'What weakened the Mafia’s grip was not so much the loss of income but the loss of face. As a result, its power began to wane.' Photo: Detail from cover of Sowing Seeds for the Future: Exploring the power of constructive nonviolent action, by Andrew Rigby
Sowing Seeds for the Future: Exploring the power of constructive nonviolent action, by Andrew Rigby
Author: Andrew Rigby. Review by Dave Morris.
This is an important book and merits a place in every Meeting house. It is an exploration and evaluation of techniques and concepts by which nonviolent protest can become most productive – or, as Andrew puts it, ‘the intention to bridge the gap between what is and what ought to be’.
The first chapters cover familiar territory for Friends: the development of co-operative ideas and anarchist thinking, with a focus on Edward Carpenter’s anarcho-socialist challenge to capitalism. We are then led to Gandhi. This brings us to a key issue: mass mobilisation and civil disobedience are sporadic and short lived; a movement of protest cannot be held intact simply by marches and demonstrations. It also needs co-operative work and activity with precise aims, to give the movement cohesion and momentum; otherwise, energy can be dissipated and little or no progress made.
Later, Andrew gives accounts of the most disparate programmes of constructive protest: against the Nazi Quisling regime in Norway; against the Nazi occupation of Holland; against the Mafia in Sicily; the role of workers’ co-operatives during the Spanish civil war; and, likewise, in the Basque regions of northern Spain. The drive is to demonstrate how local, constructive measures can be successful, by investing the politics of protest with action that seeks to enhance community life. For instance, the account of the campaign against the Mafia in Sicily in 2004 shows how students adapted ‘Addiopizzo’ as the name for their campaign. ‘Pizzo’ was the slang for the ‘protection’ money payable by all businesses to the Mafia. The students embedded the term into a slogan and encouraged solidarity by persuading small businesses to display it in their shop windows. What weakened the Mafia’s grip was not so much the loss of income but the loss of face. As a result, its power began to wane.
Andrew describes his own role in the Aberdeen People’s Press. His experience there leads him to conclude that there are two main functions of constructive forms of resistance: ‘the support function – servicing the needs of those engaged in the more contentious or offensive modes of civil resistance [and] the deeper function of attempting to create the foundations of new ways of life, exemplifying ways in which different spheres of life might be carried out in the hoped for future.’
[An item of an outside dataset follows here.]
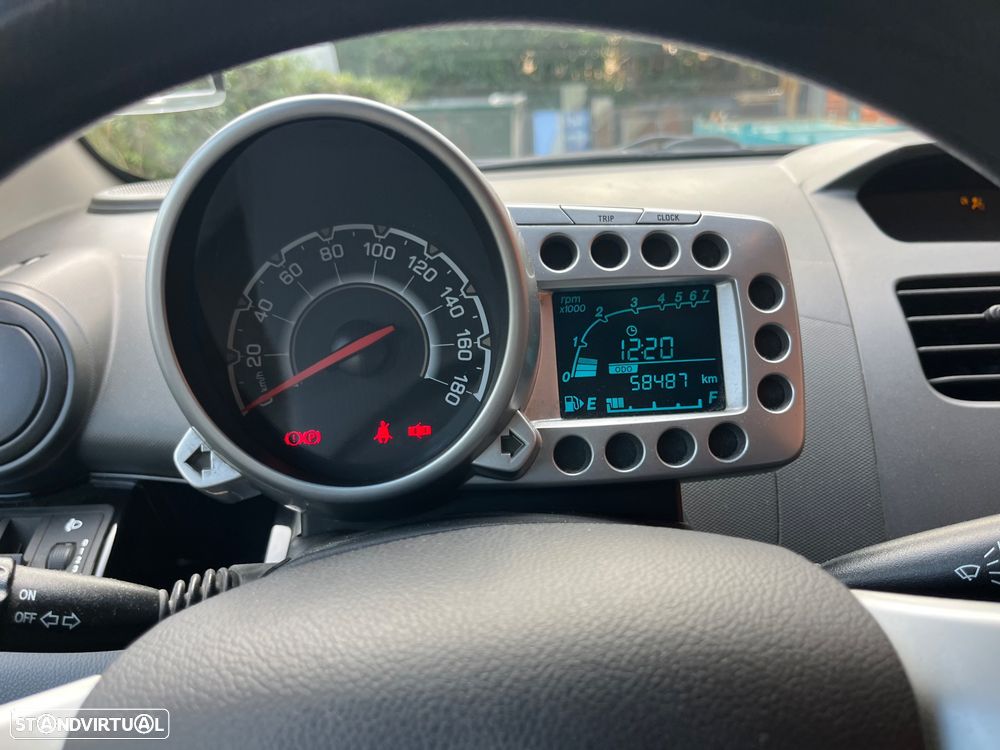Chevrolet Spark 1.0 LS - 26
It is to this end that the book also examines the writings of thinkers such as Václav Havel, Adam Michnik, the Polish Solidarity dissident, and Rayah Shedah, the Palestinian activist who wrote ‘between mute submission and blind hate, I chose the third way – I am Sumud’ (‘sumud’ being steadfastness in one’s determination to resist, where one’s whole life is an act of resistance).
All this leads to the ‘intentional life’. This refers to how each individual can use everyday decisions and interactions to let their life speak. All of us have the opportunity to become activists. Andrew’s book gives us an invaluable guide as to how we can frame that.